As always, thank you to my readers who have put my story to their follow and fave list. And of course your reviews, it means so much to me!
Please enjoy! Ciao!
Catelyn
Luna rushed to Lady Stark's chamber. It was very odd that she was called by the lady at this late of hour. She was stunned to see Lady Catelyn, with eyes swollen from crying. The lady never cried, all these years, she didn't. She was holding little Rickon who was awake and wailing hard.
"What's the matter, my lady?" Luna asked concerned.
"It's no one's business, my dear." Catelyn suppressed her whimper. She handed Rickon over to Luna. "He's already fed. Put him to bed, I'll only be praying." Catelyn was frantic, pulling her robe from the bed.
"The night sky has been rumbling for hours, my lady… it might rain." Luna was worried for her.
"Thank you for the thought, Luna. I won't be long." She assured the maid.
Lady Stark looked at the mirror and saw her swollen eyes. She combed her hair with her fingers and went to the door.
"My lady," Luna stopped her, "if you're to look for the lord, he had left with his horse.
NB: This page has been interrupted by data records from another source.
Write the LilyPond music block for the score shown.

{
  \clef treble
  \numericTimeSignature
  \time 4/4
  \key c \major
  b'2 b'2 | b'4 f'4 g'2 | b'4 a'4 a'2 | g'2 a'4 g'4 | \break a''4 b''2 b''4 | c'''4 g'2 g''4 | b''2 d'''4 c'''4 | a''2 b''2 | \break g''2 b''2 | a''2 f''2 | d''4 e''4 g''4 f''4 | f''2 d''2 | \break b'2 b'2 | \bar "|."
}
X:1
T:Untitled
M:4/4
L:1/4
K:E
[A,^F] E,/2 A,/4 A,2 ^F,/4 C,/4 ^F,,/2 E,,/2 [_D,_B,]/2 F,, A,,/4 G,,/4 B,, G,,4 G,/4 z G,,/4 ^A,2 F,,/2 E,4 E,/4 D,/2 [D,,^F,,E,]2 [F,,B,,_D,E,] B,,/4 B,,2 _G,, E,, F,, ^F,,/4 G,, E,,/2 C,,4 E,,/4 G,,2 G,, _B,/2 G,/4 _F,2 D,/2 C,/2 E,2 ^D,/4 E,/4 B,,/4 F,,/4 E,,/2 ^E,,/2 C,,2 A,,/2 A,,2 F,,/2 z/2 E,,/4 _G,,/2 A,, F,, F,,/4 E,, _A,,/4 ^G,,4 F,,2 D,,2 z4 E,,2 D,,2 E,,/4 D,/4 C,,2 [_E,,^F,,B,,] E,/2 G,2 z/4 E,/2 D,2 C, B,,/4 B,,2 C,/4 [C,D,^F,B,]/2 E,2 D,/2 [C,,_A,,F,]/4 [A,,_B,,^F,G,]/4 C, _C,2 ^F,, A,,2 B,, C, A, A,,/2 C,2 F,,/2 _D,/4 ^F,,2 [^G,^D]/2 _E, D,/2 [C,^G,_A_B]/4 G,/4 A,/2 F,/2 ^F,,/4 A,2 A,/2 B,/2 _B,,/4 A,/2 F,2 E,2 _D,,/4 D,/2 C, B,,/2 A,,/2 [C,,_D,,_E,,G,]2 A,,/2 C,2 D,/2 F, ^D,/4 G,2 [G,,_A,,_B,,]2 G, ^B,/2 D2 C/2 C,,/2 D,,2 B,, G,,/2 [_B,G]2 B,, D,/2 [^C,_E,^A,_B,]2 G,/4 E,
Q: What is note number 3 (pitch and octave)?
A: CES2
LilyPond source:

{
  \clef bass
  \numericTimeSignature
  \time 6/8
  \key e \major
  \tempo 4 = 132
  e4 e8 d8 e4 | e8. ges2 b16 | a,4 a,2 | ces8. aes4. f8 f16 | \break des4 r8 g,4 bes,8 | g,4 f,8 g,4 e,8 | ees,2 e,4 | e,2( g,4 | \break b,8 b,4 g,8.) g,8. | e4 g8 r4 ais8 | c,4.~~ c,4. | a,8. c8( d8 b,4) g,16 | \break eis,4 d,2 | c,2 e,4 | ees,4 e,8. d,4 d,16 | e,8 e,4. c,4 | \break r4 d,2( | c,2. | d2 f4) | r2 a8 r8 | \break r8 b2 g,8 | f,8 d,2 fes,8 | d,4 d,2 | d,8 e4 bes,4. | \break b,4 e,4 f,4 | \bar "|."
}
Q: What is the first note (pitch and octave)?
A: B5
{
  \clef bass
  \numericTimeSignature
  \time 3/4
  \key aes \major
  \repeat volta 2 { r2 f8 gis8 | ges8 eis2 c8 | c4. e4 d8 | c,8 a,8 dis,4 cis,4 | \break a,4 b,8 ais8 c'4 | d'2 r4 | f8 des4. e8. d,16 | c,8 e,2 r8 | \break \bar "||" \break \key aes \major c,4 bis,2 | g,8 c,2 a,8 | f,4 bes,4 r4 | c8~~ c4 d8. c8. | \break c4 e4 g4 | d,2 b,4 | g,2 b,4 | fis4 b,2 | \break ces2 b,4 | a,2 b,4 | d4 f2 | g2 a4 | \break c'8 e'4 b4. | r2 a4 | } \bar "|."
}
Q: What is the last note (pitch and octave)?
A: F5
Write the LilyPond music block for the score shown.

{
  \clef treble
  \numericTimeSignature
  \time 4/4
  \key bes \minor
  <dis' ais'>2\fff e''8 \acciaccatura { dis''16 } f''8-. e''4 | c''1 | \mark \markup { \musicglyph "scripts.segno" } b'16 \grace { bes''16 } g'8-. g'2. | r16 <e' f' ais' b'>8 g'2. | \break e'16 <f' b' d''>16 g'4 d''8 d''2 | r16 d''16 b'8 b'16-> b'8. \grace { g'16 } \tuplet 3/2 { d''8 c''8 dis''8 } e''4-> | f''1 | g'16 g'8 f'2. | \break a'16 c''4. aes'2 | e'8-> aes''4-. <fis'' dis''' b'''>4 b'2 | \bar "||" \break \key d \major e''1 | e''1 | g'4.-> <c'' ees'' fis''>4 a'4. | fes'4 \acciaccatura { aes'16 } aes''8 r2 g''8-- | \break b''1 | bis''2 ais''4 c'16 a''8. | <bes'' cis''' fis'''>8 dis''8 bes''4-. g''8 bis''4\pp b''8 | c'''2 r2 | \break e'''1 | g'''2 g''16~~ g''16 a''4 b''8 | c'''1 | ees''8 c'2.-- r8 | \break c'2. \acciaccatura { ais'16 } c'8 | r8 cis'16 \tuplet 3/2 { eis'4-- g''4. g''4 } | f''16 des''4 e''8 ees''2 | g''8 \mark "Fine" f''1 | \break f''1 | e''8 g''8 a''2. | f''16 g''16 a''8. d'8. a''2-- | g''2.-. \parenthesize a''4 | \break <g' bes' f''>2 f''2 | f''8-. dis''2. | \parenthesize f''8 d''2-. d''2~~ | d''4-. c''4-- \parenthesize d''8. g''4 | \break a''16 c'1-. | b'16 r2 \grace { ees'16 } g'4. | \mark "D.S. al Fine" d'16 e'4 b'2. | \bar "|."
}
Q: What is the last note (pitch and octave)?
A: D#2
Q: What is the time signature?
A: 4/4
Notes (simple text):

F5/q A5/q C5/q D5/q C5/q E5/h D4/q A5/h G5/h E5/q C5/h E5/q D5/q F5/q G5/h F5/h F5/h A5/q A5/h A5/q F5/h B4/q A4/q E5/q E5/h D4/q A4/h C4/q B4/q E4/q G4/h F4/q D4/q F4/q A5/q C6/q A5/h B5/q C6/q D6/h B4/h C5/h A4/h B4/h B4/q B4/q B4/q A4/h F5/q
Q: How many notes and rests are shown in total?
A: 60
He was heading south." She said, sad and worried for the lady.
Catelyn did not know that Ned was out of the castle once more. She was not sure if her husband was still within Winterfell.
"I'm not to follow my husband in the dead of night." She sternly expressed, masking her vulnerability and scarred pride.
"Of course, Lady Stark." Luna answered, visibly uneasy. She cradled little Rickon in her arms. His crying was subsiding out of sheer tiredness.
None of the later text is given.